Людмила Сараскина
Аполлинария Суслова
© Сараскина Л. И. , 2022
© Издательство АО «Молодая гвардия», художественное оформление, 2022
Я люблю ее еще до сих пор, очень люблю, но я уже
У меня была какая-то мистическая к ней привязанность… Один я знал истинную цену в ней скрываемых даров души… и не мог отлипнуть от нее.
Предисловие. «Друг вечный, Поленька…»
…У нее был легкий, стремительный, торопливый почерк. Как большинство людей прошлого века, причастных к литературе, она вела обширную переписку и, не вполне полагаясь на свою способность к эпистолярным экспромтам, предварительно составляла черновики. Они-то и обнаруживали ее мучительную неуверенность в себе, тягостные поиски нужного слова, превращавшие порой листки почтовой бумаги в своего рода шифровки из сплошь зачеркнутых строк.
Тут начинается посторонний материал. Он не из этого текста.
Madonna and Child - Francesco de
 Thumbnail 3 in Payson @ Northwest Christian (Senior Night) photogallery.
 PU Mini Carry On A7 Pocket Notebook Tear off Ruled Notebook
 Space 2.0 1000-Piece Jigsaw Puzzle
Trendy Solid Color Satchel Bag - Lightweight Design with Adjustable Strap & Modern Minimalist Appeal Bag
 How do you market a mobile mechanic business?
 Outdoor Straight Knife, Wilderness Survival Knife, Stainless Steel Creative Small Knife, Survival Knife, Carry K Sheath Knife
От прожитых ею семидесяти девяти лет (если учесть, что уже в двадцать она впервые попробовала свое перо) собственно литературного осталось ничтожно мало: четыре повести, из которых она смогла опубликовать первые три, один перевод с французского, три записные тетради с дневниковыми заметками интимного характера, два-три рукописных фрагмента, частная переписка и несколько фотографий. Не больше, чем вообще остается от частной жизни частного человека, приобщенного к благам книжности и грамотности.
Между тем редкий указатель имен, связанный с литературными реалиями ее эпохи, обходится без упоминания о ней. Первый в России «Библиографический словарь русских писательниц», составленный князем Н. Н. Голицыным и включавший сведения о 1286 литературных дамах, вышел в Санкт-Петербурге в 1889 году – в один из самых драматических моментов ее жизни. Может быть, увидев свое имя среди других женских имен, она смогла бы хоть немного порадоваться: это было то самое поприще, которого она так хотела, к которому поначалу так стремилась, но которое – как сама она это в конце концов поняла – ей не далось… И наверное, она была бы крайне обескуражена, смущена и раздосадована, если бы могла предположить, что войдет в историю русской литературы не столько в своем самостоятельном значении – писательницы, переводчицы, педагога (была у нее и эта роль), сколько в амплуа специфическом и – если судить по ее письмам и дневникам – для нее унизительном.
Ибо что же могло быть более противоестественным для нее – шестидесятницы, эмансипантки, нигилистки, всецело сосредоточенной на себе, жаждущей внутренней свободы и не зависимого от кого бы то ни было существования, чем роль «роковой женщины», предмета любовной страсти и мужского вожделения?
Но в том, может быть, и заключался главный парадокс ее жизни, что, добиваясь с каким-то фатальным упорством отдельного, суверенного существования, терпя одну катастрофу за другой на поприще самостоятельной и общественно значимой деятельности, она, сама того не желая, вошла в историю в той роли, которую многие не обремененные самоанализом женщины почитают за счастье и высшее благо.
Возлюбленная Достоевского, предмет самой большой и самой страстной его любви, «инфернальница», прототип наиболее пленительных женских персонажей его знаменитых романов, мучительница, жестокая муза… Девушка, которая «всю себя» отдала первой любви, но сама же ее и разрушила… Подруга Достоевского, которая краснела за свою связь с ним и не пожелала стать его женой… Женщина, которая одарила великого писателя мучительным опытом любви-ненависти, ибо и сама, любя, ненавидела.